Twenty years ago, I helped lead the National Reading Panel and the development of its groundbreaking research on the best ways to teach young children to read. At the time, I didn’t appreciate that that opportunity would result in the career path that I’ve traveled for the past two decades. At the time, I just saw it a common sense public engagement initiative, that of course we needed to take all of the research and all of the cognitive science when it came to literacy and ensure that every elementary school classroom was using that best practice and every aspiring classroom teacher was prepared in the research.

My work with the NRP ultimately led me to Texas where I helped build a new type of graduate school of education focused on research-based instruction. It resulted in me collaborating with a wide range of organizations – including the American Association for Colleges of Teacher Education to the American Federation of Teachers to Houghton Mifflin Harcourt to the International Society for Technology in Education to the National Governors Association to the Pennsylvania STEM Initiative – on how best to move research into practice when it comes to preservice and in-service teacher education. 

Ultimately, it is this desire to improve teacher education by applying scientifically based research that led me back to New Jersey to work for the Woodrow Wilson National Fellowship Foundation six years ago.
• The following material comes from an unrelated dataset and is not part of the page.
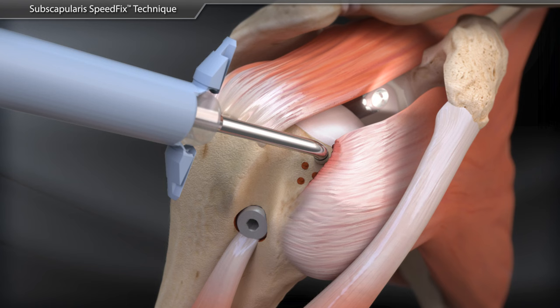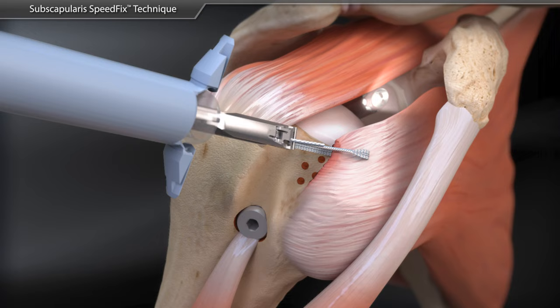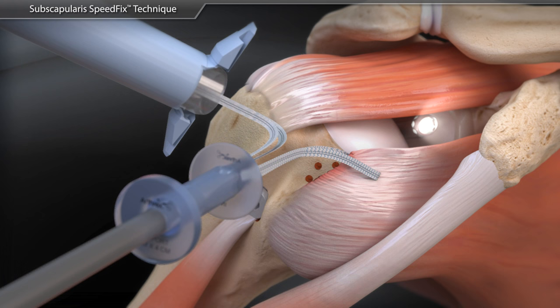Through an anterosuperolateral portal, a FastPass Scorpion SL suture passer is used to pass a fiber tape in a simple stitch configuration. The FastPass Scorpion SL automatically captures and retrieves the fiber tape tails. Both fiber tape tails are retrieved through the anterior passport cannula with a fiber tape retriever.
For this son of two educators, working to both repair existing models of teacher education and building new, transformative approaches to teacher education was a dream come true. At Woodrow, I was able to work with six states and 31 universities to help transform their postbaccalaureate STEM teacher education programs. Even more inspiring, I was part of the team that helped build and launch the Woodrow Wilson Graduate School of Teaching and Learning, a new, mastery-based graduate school of education constructed in collaboration with MIT. 

At each step along the way, I have learned a little more about cognitive science, teacher education, and how challenging the job of a classroom educator is. And at each of those steps, I continued to see how important it was that aspiring teachers receive a rigorous, comprehensive, liberal undergraduate education. Such a “broad” higher education was the only way to prepare teacher candidates to effectively address the complexity, diversity, and change they see each day in their classroom, whether in real life or in our current virtual learning environment.
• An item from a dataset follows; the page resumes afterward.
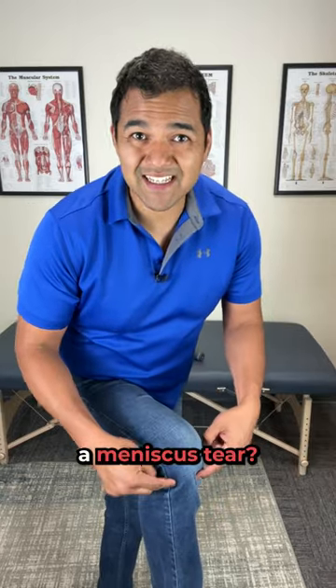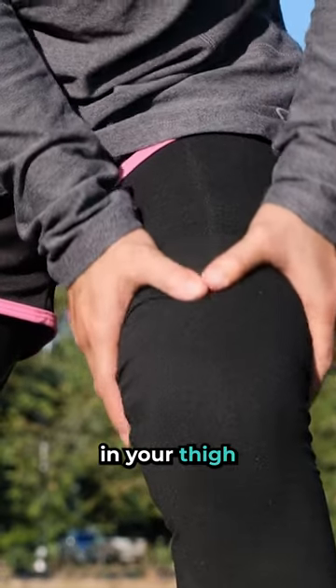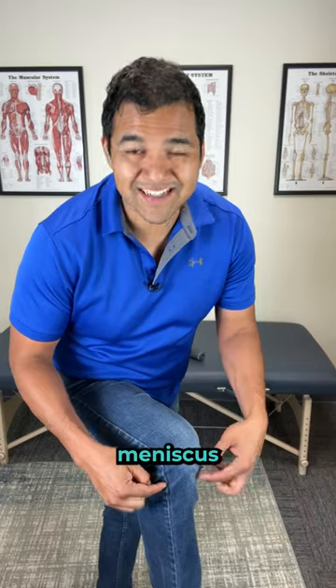Can massage be helpful for a meniscus tear? Absolutely yes. Loosening up stiff muscles in your thigh would greatly benefit taking pressure off your meniscus in your knee joint.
If you’ve read this far, you are probably waiting for me to get to the point, so here goes. I’m thrilled to announce that I am the new executive director of Best in the World Teachers, a startup research and policy not-for-profit created to create a model to improve the way teachers are prepared. At the heart of BIW will be a series of “expert panels,” much like the NRP, that will examine the research on how best to teach. That research will then be put into practice through pilot projects at colleges and universities throughout the United States, where teacher educators can determine the strongest methods for using the research to improve undergraduate teacher education programs and to improve teaching and learning in the classrooms led by those prepared by this new model.

BIW provides a tremendous opportunity to apply all of the principles that have been central to my education work over the past two decades. Research. Collaboration. Assessment and evaluation. Outcomes. Content mastery. Lifelong learning. I’m excited to be joining BIW at this moment, as we wrestle with issues such as traditional teaching versus virtual and the benefits of a content-based approach to a pedagogical one. One could say the challenges before BIW (and the education space in general) are insurmountable. Those are just the sort of projects that I love to tackle.

You likely also know that my professional passion in recent years has been improving how American history is taught and learned. For the past two years, I’ve led the Woodrow Wilson American History Initiative, a national effort that helped raise awareness of our collective shortcomings in history education while providing models for how we can make history more interesting and relevant for today’s learners. I believe in this work. I’m committed to this work. I’m long invested in this work.

As a result, later this year I will officially announce the launch of the Driving Force Institute for Public Engagement. Named for Teddy Roosevelt, one of my political and rhetorical heroes, DFI is building a series of short, provocative American history videos designed to make moments and people in history more interesting and relevant to today’s learners. Our goal is to help high school students take a bit of history they likely hadn’t learned in class, and use that as a launching point to explore other moments or figures they may not have heard of. 

This summer, we will make a series of teen-focused initial videos available online. In the fall, each week we will deliver new student-intended video content along with related lesson plans and professional development content for social studies teachers. Our goal is to provide new student and teacher American history content from the start to the finish of the 2020-21 academic year. All content will be provided open source and available at no charge. And DFI is working with some terrific content and distribution partners to make this all happen. 

As each chapter in my professional life has been written, I’ve felt incredibly fortunate for what I have learned and the people I have been fortunate enough to work with. As I begin to write the latest chapter, I look forward to connecting with and seeking the guidance of so msny. If I’ve learned anything over the years, it is that we can only succeed in education improvement if we collaborate and work together.